The one question I’m always asked by people who want to become technical writers is “What tools do I need to know?”
Usually I say “It depends…” but I’ve come to realize that one tool alone is the most useful for new technical writers to learn.
I can hear the howls of protest, but just wait a minute while I explain my reasoning.
Everyone thinks they can use Word, but are they using it like a technical writer? No. You can learn to use features in Word that will help you learn other technical writing tools. Grab a pen, write down these things, and then practice using them.
I don’t mean applying bold or underline by selecting text and clicking the icon in the tool bar. I mean setting up paragraph and character styles, and then applying them consistently throughout your document. Take your resume, for example. Have you used heading styles for headings, bullet or number styles for lists, body text styles for paragraphs? The first thing I look at when I’m reviewing technical writer resumes is styles. If I see inline formatting, I assume the person doesn’t have much experience, despite what their resume says. Sounds harsh, but it’s true. Your resume should showcase your technical writing skills. And knowing how to apply styles is a vital skill that you can easily port to other technical writing tools. Learn to use styles!
2. Generate a table of contents.
Once you’ve learned to use styles, especially heading styles, you can generate a table of contents. When I say generate, I mean that Word can cleverly find all your headings and create a table of contents for you. But don’t edit the generated table of contents manually, because the next time someone presses F9 in your document, it’ll be updated automatically, and you’ll lose your manual changes. If you need to change something, go back to the source heading and change it there.
3. Keep the text inline, don’t use floating text boxes.
This one is important if your document will be translated or localized. Companies often send their documents out to big localization houses, which suck your text out of the document, translate it, then plop it back in. If you use floating text boxes, the text can end up lost or misplaced. If you need your text to sit outside the margin, create a custom style for the text. If you know this, you’ll keep the localization manager happy by keeping localization costs down.
4. Review the document properties.
Documents generally contain metadata such as who created them and when they were last edited.

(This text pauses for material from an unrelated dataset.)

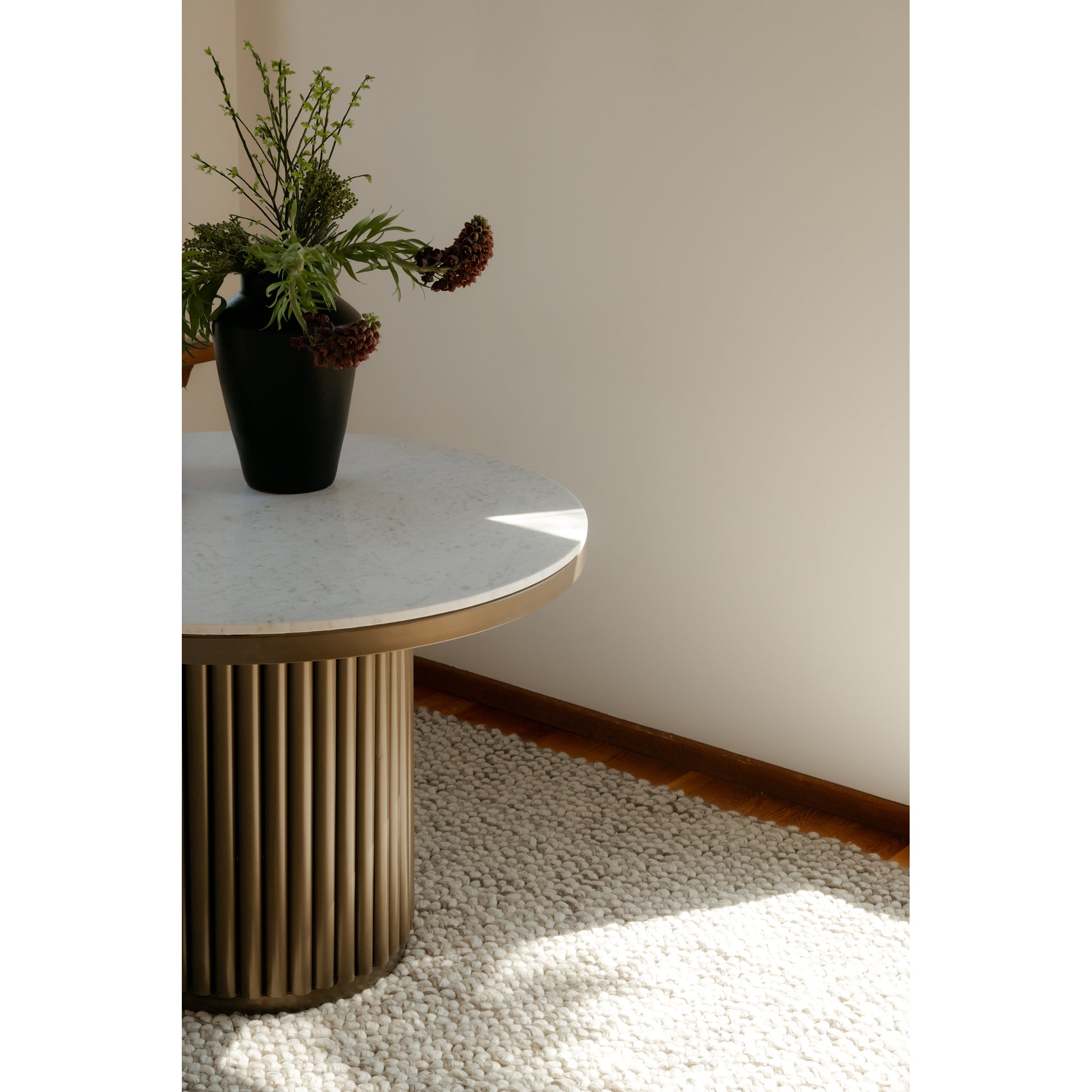Tower Dining Table White Marble by Moe's Home Collection - view 2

As a technical writer, you don’t want to send out a document that contains an incorrect company name or other information that could be embarrassing. Always check the document properties and update them with the approved details. Some companies prefer documents not to include your personal name, but rather to be written by the “Technical Documentation Department” or something similar.
If you know how to do these four things in Word, you’ll already be ahead of the other writers who think technical writing is just about the writing – it’s not! And if you’re still worried about learning other technical writing tools, visit the company websites. Often they have free trials, so you can download the software to your computer at home, and practice making a help system out of your resume or the novel you’ve got hiding under the bed.